> _WHAT IS BEING ASKED_:
From the line containing "Таблет Samsung Galaxy" down to the line containing "Grau Gebraucht 2012", copy out the entries below exactly, both lines included, and nothing else; pictures do not belong in the copy.

> _MATERIAL PROVIDED_:
------------
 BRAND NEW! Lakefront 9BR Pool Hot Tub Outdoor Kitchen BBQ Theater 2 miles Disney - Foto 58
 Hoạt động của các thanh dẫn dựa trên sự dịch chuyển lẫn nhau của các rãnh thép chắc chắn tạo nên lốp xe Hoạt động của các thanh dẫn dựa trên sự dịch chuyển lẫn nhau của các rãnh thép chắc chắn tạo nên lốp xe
------------
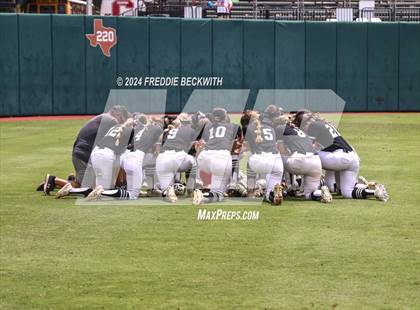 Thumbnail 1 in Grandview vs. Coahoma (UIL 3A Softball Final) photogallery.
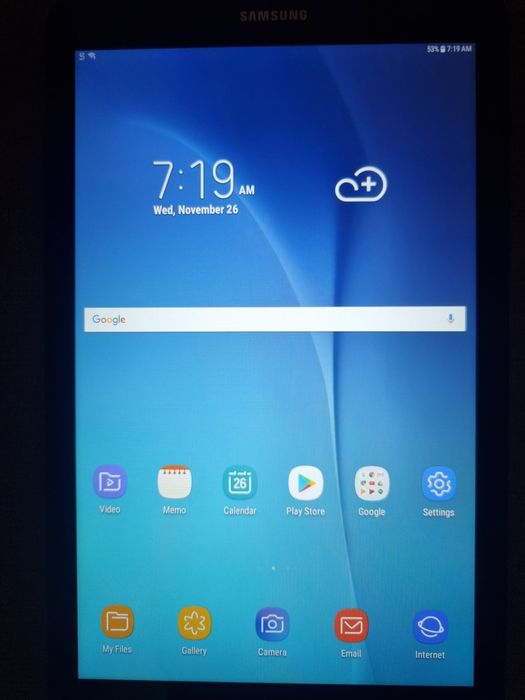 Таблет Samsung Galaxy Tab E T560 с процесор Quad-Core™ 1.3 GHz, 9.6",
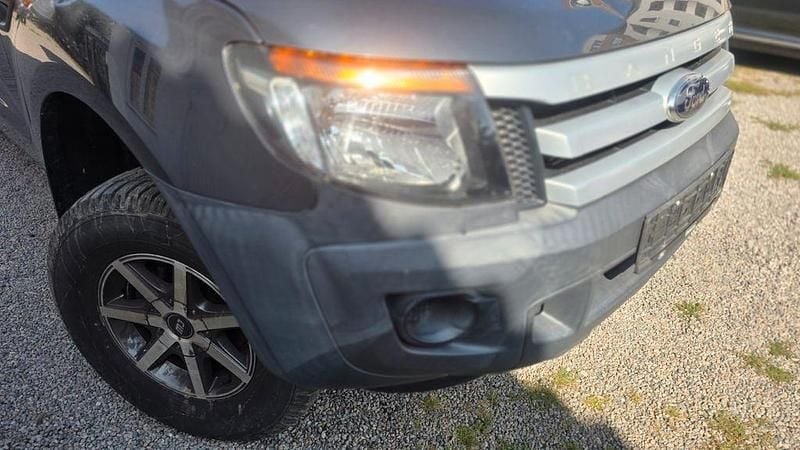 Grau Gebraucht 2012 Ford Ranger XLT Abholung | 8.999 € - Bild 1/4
------------
> _EXERCISE SOLUTION_:
 Таблет Samsung Galaxy Tab E T560 с процесор Quad-Core™ 1.3 GHz, 9.6",
 Grau Gebraucht 2012 Ford Ranger XLT Abholung | 8.999 € - Bild 1/4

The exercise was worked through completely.